Accusé de pédophilie, Yaya Diarra a comparu à la barre de la chambre criminelle de Bamako pour connaître son sort.
C'était le mardi 24 février dernier et l'affaire a été délibérée une semaine plus tard, condamnant le vieillard de 65 ans à 10 ans de réclusion et au payement de 300 000 F CFA d'amende.
Le 19 janvier 2021, vers 19 h, la petite L. T. passait devant un domicile dans le quartier de Titibougou-Farakoba. Elle fut approchée par Yaya Diarra, tout en lui proposant trois mangues. Il a réussi ainsi à trainer celle-ci dans sa chambre où elle fut molestée tout en attachant ses pieds, ses bras et sa bouche. Puis, il s'adonna à une pénétration sexuelle violente sur sa victime. Elle a subi des blessures sur sa partie intime.
Quand elle arriva à la maison, sa mère adoptive a constaté que ses habits étaient maculés de sang et elle lui demanda à ce propos. C'est ainsi qu'elle lui a raconté la scène dans les moindres détails. Le commissariat de police du 1er arrondissement, avisé des faits, a procédé l'interpellation du sieur Yaya Diarra qui a été par la suite conduit devant le parquet du Tribunal de grande instance de la Commune I du district de Bamako d'où l'ouverture d'une information judiciaire.
L'inculpé Yaya Diarra a reconnu les faits à toutes les étapes de la procédure ainsi qu'à la barre. Il a expliqué qu'il s'est servi de sa victime pour se venger de sa mère adoptive Ramata Tounkara, laquelle, dira-t-il, avait voulu l'emprisonner dans le passé.
Selon le président et ses conseillers, rien ne justifie un tel acte, sinon pourquoi se venger de cette façon d'une fille de 7 ans pour les actes de sa mère. Le vieillard a répondu qu'il ne pouvait avoir en aucun cas la mère pour se venger, c'est pourquoi il a choisi sa fille.

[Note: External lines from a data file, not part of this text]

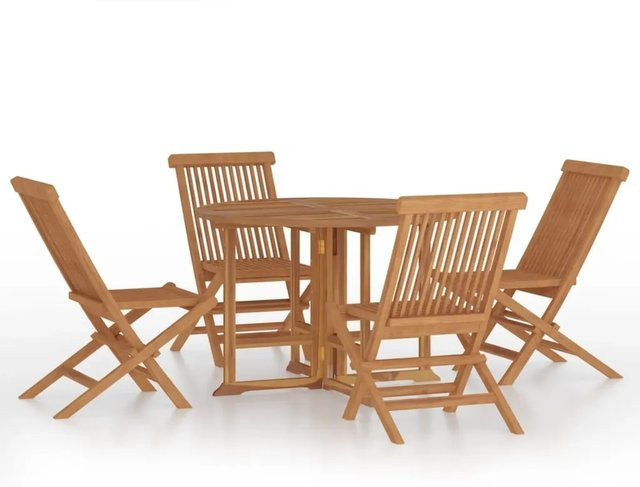 vidaXL 5-tlg Garten-Essgruppe aus Teakholz in Braun, klappbare Essgruppe für Garten und Terrasse - Bild 1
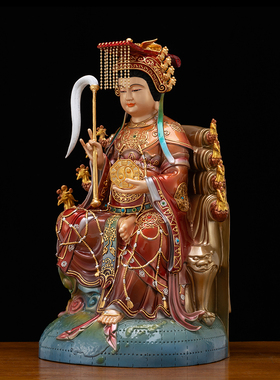 纯铜铜彩后土娘娘神像供奉摆件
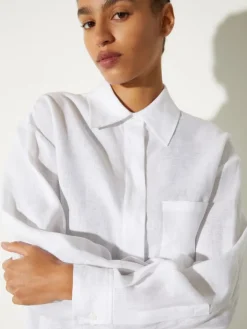 Oversized pure linen shirt - white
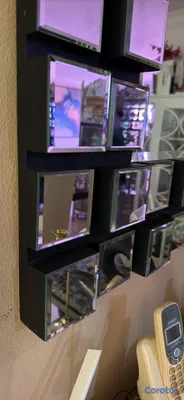 muebles y colchones - Espejo de pared cuadrado moderno con marco de bloq 4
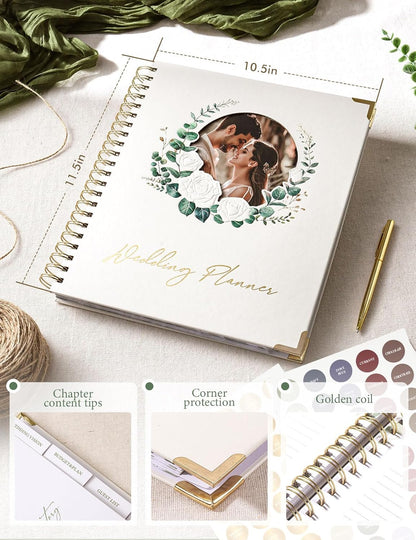 Aisbugur wedding planner book UK with floral design and gold coil for organising wedding details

Selon les explications de Ramata Tounkara, Yaya Diarra était un vieux célibataire sans enfant qui faisait les petites commissions de son époux. "Il était payé et on lui donnait régulièrement à manger. Lors d'une fête de Tabaski, il m'a demandé de la viande crue. J'étais même étonnée, vu qu'il n'a ni épouse ni d'enfants pour la lui préparer, mais il a insisté et c'est depuis ce jour, il n'arrête pas de raconter des balivernes que je l'ai empoisonné. Ladite viande n'est sortie nulle part d'autre. C'est le bélier qui a été égorgé chez moi et il a participé à tous les travaux. J'en ai pris un morceau pour le lui donner", a-t-elle clarifié.
La mère de la victime a ajouté que l'accusé s'adonnait à cette pratique d'après ses voisins, mais que personne n'osait le dénoncer.
Le ministère public a demandé qu'on le maintienne dans les liens de l'accusation et le condamner afin qu'il serve de leçon. Malgré la plaidoirie de la défense, il en a pris lourd. Dans le délibéré du mardi 3 mars dernier, la chambre l'a reconnu coupable et condamné à 10 ans de réclusion et au payement de 300 000 F CFA d'amende.